From the records below, output exactly the lines starting at the line with "sadkalburabasti's profile picture" and ending at the line with "Appartements à Nerja-Niet-getagd", both of them included, but no pictures.

> [Supplied entries]
----------

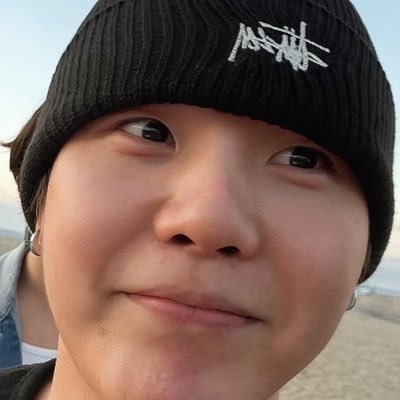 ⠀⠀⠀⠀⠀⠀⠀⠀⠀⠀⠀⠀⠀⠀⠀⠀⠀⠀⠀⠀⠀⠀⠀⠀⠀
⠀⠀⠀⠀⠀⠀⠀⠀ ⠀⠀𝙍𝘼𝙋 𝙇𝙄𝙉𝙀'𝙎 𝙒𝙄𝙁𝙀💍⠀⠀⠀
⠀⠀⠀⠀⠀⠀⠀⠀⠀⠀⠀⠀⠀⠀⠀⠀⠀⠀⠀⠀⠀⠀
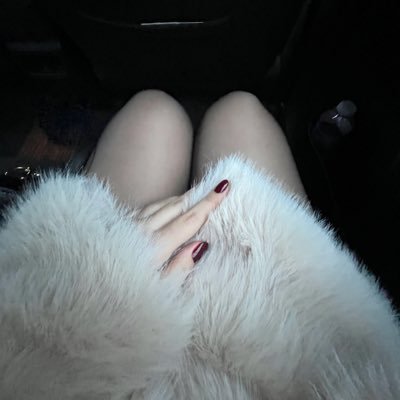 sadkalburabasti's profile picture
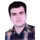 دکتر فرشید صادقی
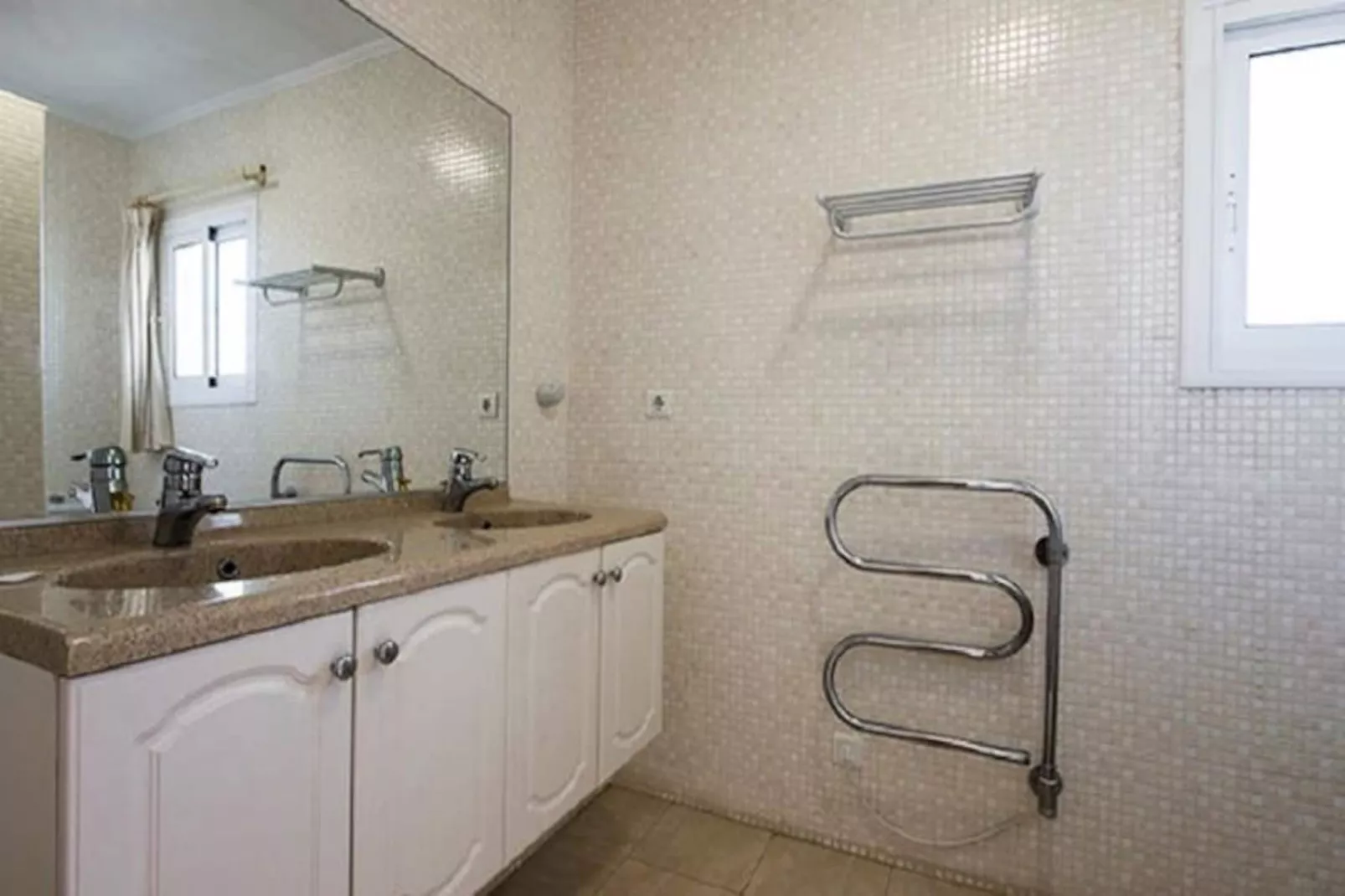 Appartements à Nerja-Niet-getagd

----------

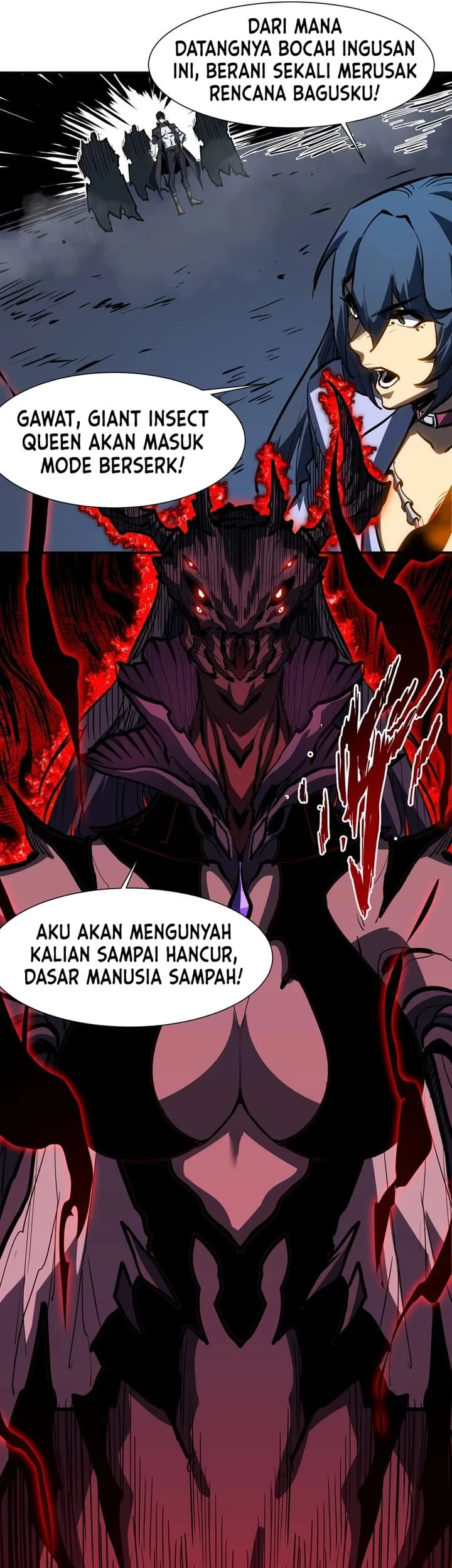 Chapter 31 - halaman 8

----------

> [Solution to this task]
 sadkalburabasti's profile picture
 دکتر فرشید صادقی
 Appartements à Nerja-Niet-getagd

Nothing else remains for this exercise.